I have tested boxFilter GaussianBlur and morpholoyEx, cuda functions is slower than on CPU.
I have also tested on Windows 10 PC. The GPU is NVIDIA GeForce RTX 3060, and CUDA version is 11.1. CUDA filter functions are still slower than CPU.

There’s a number of possible reasons:

  1. You are including the timing of the filter creation - remove this and time again.
  2. You may be timing the initialization overhead of loading cudafilters or opencv world libs - check the effect of calling your CUDA functions once outside of the timing loop first.

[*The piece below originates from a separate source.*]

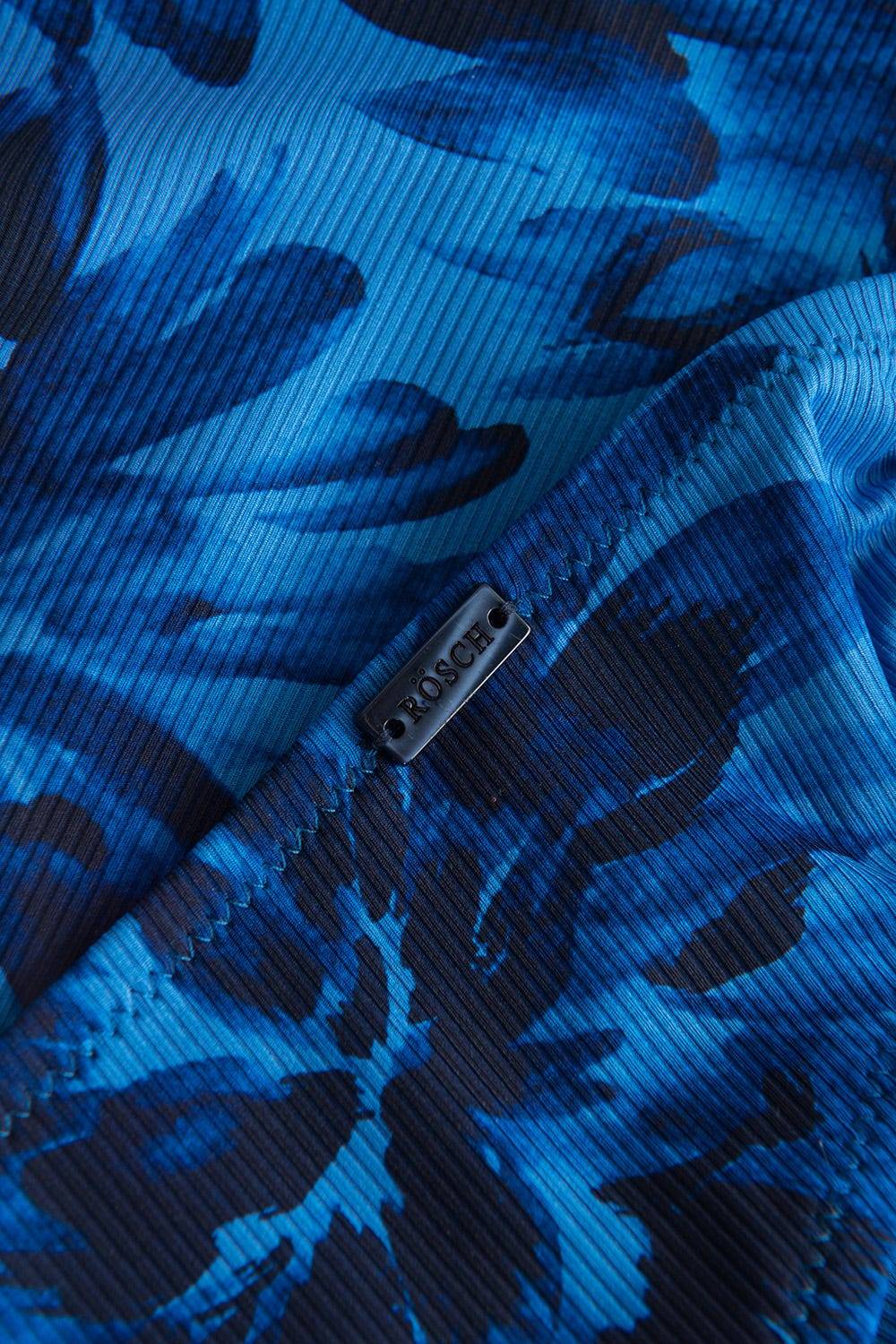 Rösch Bikini Hose im blauen Blüten-Druck Bänder recyceltes Polyester/Elasthan Fabrikpreis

  3. You are using a filter size which cannot be processed in shared memory - check the effect of reducing it to 5.
  4. Your using CPU timers and the default stream so the resulting times will include the launch latency and some overhead for the stall resulting from the internal calls to cudaDeviceSynchronize - time with CUDA events to get the kernel execution time.
  5. Its slower on your hardware.